### PROBLEM DETAILS
From the records below, output exactly the lines starting at the line with "kingfisher_photo_by_malcolm_brown" and ending at the line with "manzanares_arboles-y-pajaros", both of them included, but no pictures.

### EXERCISE INPUTS
• • • •

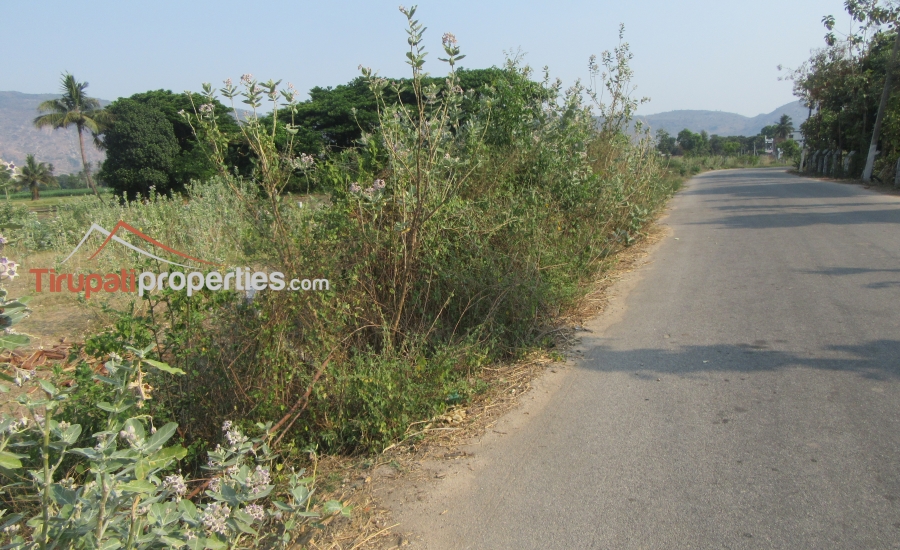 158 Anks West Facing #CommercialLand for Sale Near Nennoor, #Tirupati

• • • •

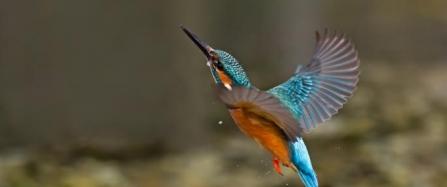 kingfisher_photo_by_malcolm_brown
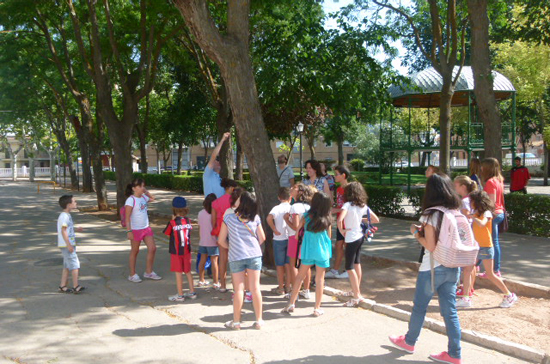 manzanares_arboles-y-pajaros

• • • •

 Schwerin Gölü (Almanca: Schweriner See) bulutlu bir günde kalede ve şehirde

• • • •

### REPLY TO THE EXERCISE
 kingfisher_photo_by_malcolm_brown
 manzanares_arboles-y-pajaros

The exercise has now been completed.